PROVIDED RECORDS:
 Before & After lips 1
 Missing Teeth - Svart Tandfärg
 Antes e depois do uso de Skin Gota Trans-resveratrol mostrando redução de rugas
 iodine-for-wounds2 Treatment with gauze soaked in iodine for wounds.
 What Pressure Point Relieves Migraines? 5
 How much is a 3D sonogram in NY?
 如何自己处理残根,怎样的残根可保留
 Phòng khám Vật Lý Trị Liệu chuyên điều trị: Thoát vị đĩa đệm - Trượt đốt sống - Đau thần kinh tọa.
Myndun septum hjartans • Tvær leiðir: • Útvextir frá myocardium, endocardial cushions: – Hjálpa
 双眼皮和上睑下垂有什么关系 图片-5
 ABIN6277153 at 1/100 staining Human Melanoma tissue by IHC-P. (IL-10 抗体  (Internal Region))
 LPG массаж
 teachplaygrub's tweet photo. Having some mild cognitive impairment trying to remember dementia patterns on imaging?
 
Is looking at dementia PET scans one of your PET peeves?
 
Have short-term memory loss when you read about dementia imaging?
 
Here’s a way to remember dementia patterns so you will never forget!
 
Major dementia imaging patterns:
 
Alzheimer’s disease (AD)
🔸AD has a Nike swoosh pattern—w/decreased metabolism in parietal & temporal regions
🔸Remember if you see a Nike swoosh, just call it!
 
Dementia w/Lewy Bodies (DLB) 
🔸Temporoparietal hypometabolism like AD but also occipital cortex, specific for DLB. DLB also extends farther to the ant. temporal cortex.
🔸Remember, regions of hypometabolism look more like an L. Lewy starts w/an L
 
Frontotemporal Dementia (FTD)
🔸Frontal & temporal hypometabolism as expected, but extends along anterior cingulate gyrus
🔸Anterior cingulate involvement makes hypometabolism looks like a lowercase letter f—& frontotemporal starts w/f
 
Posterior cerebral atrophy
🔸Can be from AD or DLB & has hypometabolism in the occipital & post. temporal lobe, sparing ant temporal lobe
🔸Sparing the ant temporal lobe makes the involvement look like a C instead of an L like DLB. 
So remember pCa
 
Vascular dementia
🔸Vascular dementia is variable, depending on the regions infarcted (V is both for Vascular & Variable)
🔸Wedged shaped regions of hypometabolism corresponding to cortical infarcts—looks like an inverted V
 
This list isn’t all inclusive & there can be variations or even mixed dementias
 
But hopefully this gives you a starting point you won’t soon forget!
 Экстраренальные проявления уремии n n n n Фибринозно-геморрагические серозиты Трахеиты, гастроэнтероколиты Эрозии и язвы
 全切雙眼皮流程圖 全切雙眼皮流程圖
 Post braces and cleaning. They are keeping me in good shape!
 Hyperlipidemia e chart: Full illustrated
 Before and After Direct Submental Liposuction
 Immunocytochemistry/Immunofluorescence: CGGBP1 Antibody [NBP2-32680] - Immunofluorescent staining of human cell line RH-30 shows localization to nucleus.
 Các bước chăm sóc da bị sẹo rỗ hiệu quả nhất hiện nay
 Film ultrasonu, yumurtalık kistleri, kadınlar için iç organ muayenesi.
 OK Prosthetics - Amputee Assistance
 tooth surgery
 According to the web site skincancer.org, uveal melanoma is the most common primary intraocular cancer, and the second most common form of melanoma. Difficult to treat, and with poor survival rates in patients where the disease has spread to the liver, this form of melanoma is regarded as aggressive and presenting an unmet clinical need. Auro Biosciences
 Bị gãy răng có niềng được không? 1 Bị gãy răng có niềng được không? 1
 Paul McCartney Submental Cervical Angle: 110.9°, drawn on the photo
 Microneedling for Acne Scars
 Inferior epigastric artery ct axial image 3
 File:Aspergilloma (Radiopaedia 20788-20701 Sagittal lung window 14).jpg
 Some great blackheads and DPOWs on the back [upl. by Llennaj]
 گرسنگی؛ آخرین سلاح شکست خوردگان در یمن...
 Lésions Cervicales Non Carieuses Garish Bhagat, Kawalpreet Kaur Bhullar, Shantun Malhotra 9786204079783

WHAT YOU WILL DO: If a line contains the word "looks", it counts; say how many such lines the records hold, and give only that number.

EXPECTED OUTPUT: 2